Fed Chairman Jerome Powell testified before the House Financial Services Committee on Wednesday evening, signalling the first US interest rate cut at the July 30-31 FOMC meeting amid looming economic risks.
Chairman Powell told the House panel that "the bottom line for me is the uncertainties around global growth and trade continue to weigh on the outlook," although the Fed’s "baseline outlook is for economic growth to remain solid, labour markets to stay strong, and inflation to move back up over time to the Committee's 2 percent objective."
More importantly, Powell said "the straight answer to your question is no," when being asked whether the strong June NFP report released last Friday had changed the risks to the US economy.
Earlier, the US central bank released its semi-annual Monetary Policy Report on July 5, pledging to "act as appropriate to sustain the expansion, with a strong labour market and inflation near the Committee’s symmetric 2 percent objective."

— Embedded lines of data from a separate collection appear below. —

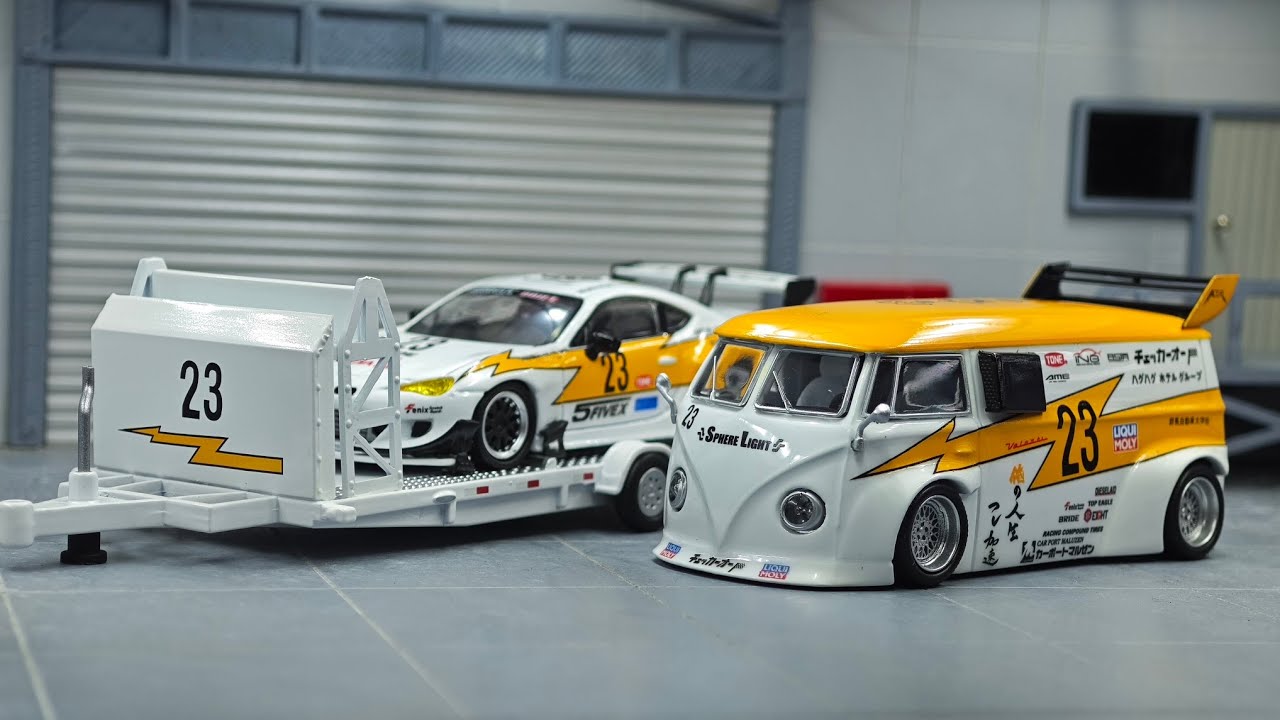 Volkswagen T1 with Trailer and Toyota FT86 with Hoshino Livery by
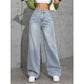 Denim Wide Leg Pants Women Jeans High Waist Straight Trousers Distressed Washed Pockets 2025 Loose Floor Length Streetwear - Clothesfassion.store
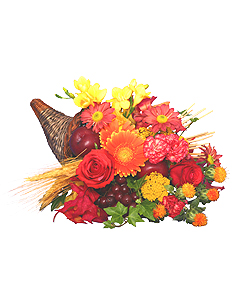 AUTUMN CORNUCOPIA of Bright Flowers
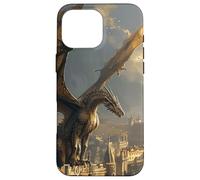 Custodia per iPhone 16 Pro Max Drago che domina una città gotica dorata all'alba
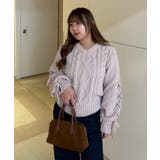 レースアップモールケーブルニット | NICE CLAUP / OLIVE des OLIVE　OUTLET | 詳細画像24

According to the report, "uncertainty surrounding trade policy could be leading firms to delay investment decisions and reduce capital expenditures." Shortly after Chairman Powell concluding his testimony, the Fed released the minutes of the June 18-19 FOMC meeting, which further raised market expectations of future rate cuts, the report added.
According to the minutes, "several participants noted that a near-term cut in the target range for the federal funds rate could help cushion the effects of possible future adverse shocks to the economy and, hence, was appropriate policy from a risk-management perspective."

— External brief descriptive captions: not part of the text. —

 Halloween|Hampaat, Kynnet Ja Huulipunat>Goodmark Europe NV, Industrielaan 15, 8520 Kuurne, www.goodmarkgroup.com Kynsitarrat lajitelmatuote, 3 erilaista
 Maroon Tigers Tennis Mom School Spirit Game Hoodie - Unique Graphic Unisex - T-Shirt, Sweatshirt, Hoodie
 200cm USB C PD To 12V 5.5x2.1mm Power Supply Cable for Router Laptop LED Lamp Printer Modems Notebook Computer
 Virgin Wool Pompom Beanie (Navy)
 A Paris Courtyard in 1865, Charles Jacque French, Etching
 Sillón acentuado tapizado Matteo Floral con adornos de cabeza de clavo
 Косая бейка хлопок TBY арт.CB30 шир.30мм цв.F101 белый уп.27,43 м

In addition, St. Louis Fed President James Bullard said on Wednesday that the US central bank should reduce interest rates later this month as "insurance" against below-target inflation and signs of weaker economic growth.
"The Fed’s dovish stance will revive risk appetite and prop up EM Asian currencies particularly the high-yielding INR, IDR and PHP. Meanwhile, lack of a meaningful progress in the US-China trade negotiations at the moment will prevent regional currencies from rallying too much. We maintain our short USD positions against the CNH, INR, IDR, MYR and THB, while keeping a close eye on developments in the US-China trade talks," Scotiabank further added.